◆ DATA FOR ANALYSIS
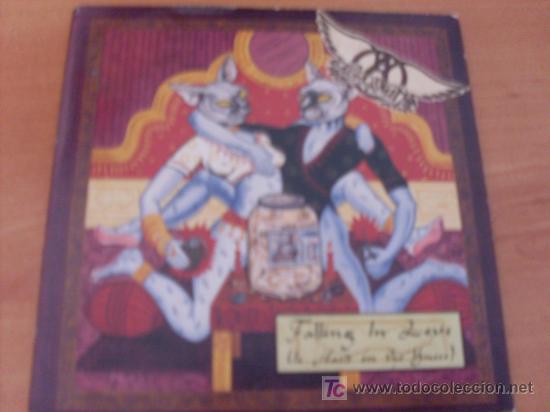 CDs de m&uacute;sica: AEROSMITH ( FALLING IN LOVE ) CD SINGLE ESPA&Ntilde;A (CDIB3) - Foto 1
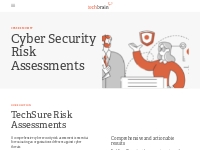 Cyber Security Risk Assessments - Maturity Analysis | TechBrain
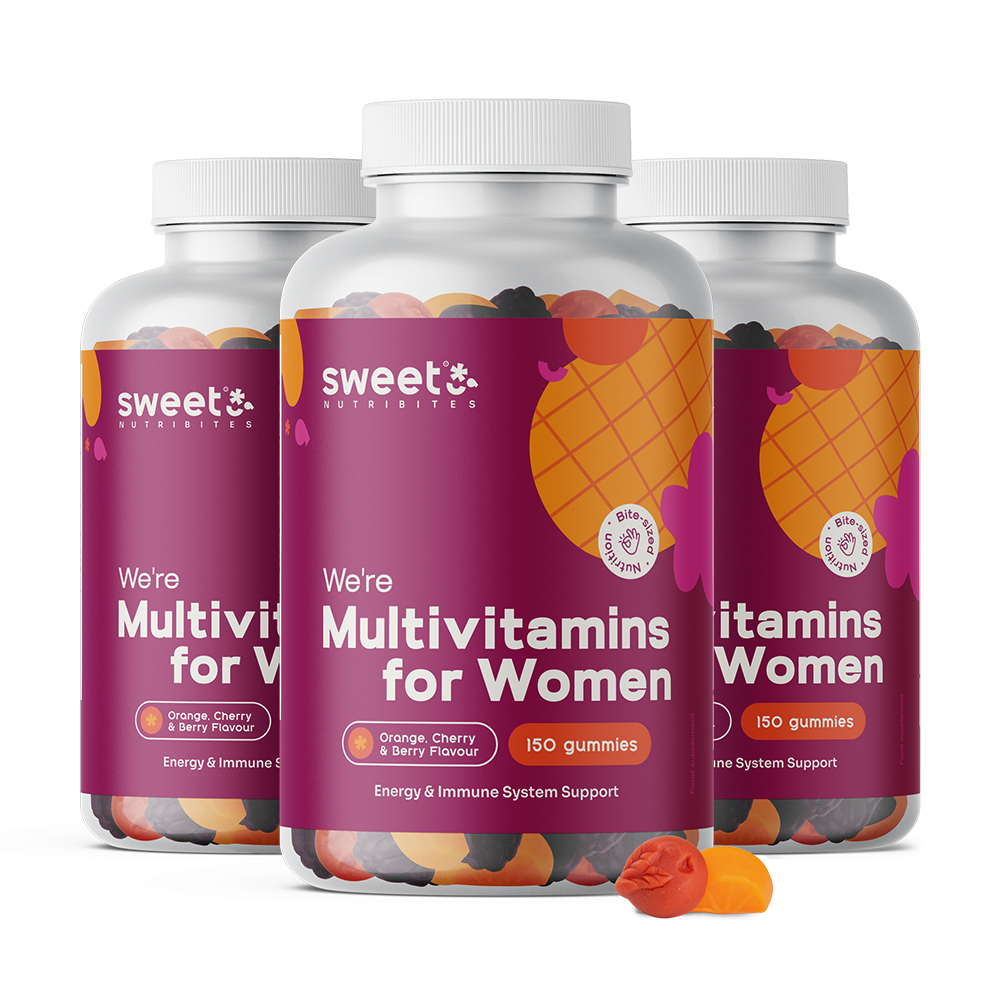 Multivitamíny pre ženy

---

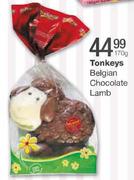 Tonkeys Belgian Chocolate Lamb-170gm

---

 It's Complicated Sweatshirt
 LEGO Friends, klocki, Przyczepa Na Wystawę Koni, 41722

◆ WHAT IS REQUIRED
Each line above from the one containing "Cyber Security Risk" through the one containing "Multivitamíny pre ženy" is to be returned verbatim. Nothing else, and no pictures.

◆ TASK SOLUTION
 Cyber Security Risk Assessments - Maturity Analysis | TechBrain
 Multivitamíny pre ženy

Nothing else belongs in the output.